The doctors had warned him about possible side effects before his surgery. After all, Guide was a small piece of technology surgically implanted inside his skull. There were all sorts of potential disasters like an aneurysm, hemorrhage, stroke, and so much more. It was a laundry list of warnings about disability, pain, or death. Since he couldn’t do anything about it, he pushed that worry down the road.

Damn it all, I have a potentially broken piece of technology in my head, and I can’t risk screwing around with it too much.

Eli finished the rest of the Mana Candy and ate a Healthy Refreshment too. Sadly, he didn’t have any pain meds, so he tried to make do with the green brick of food with its health regeneration. It was too bad that it tasted like cheap tea and grass clippings that some sicko had mixed in a blender.

Since he wasn’t about to screw around with his body any further for the night, he moved on to some hopefully safe and innocuous improvements to his user interface.

The first one, to change the question marks for the new biological scan ability, would be an easy way to test Guide’s functionality after the recent unpleasantness. Like when Eli set up the toggle functions for his powers, he simply instructed Guide on what name he wanted and then confirmed the command. A moment later, the “???” was replaced with Lifesight. Encouraged by the success, he changed Mana Scan to Manasight, as the name made more sense. For now, he wanted to try for consistency with these abilities, so if a power involved something visual, he’d have ‘sight’ in the name.

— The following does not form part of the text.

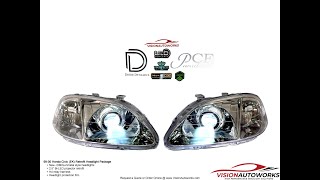 Honda Civic EK Retrofit Headlights  25quot BiLED projectors JDM style headlights  VisionAutoworks [upl. by Okiam]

The edits also included how Guide showed the status buffs to make them more aligned with a few of his favorite games back home. The idea was to make everything as quick and efficient as possible so he could understand the details at a glance without learning a new way of interpreting the data. He had no idea if other people had to deal with a status screen, but he’d begun to think that it was only him - Dara had given him the same “you’re crazy” look when he asked her about it.

He paused in thought, wondering if he really was the only one with this status screen. Could it mean that this was all in his head after all? Was he drugged up in a hospital bed back on Earth right now? Once he added a few game mechanics on top of everything else, it made a weird sense that this could all be in his imagination. It seemed more likely that his brain was making this all up than him being in another world with superpowers and magic.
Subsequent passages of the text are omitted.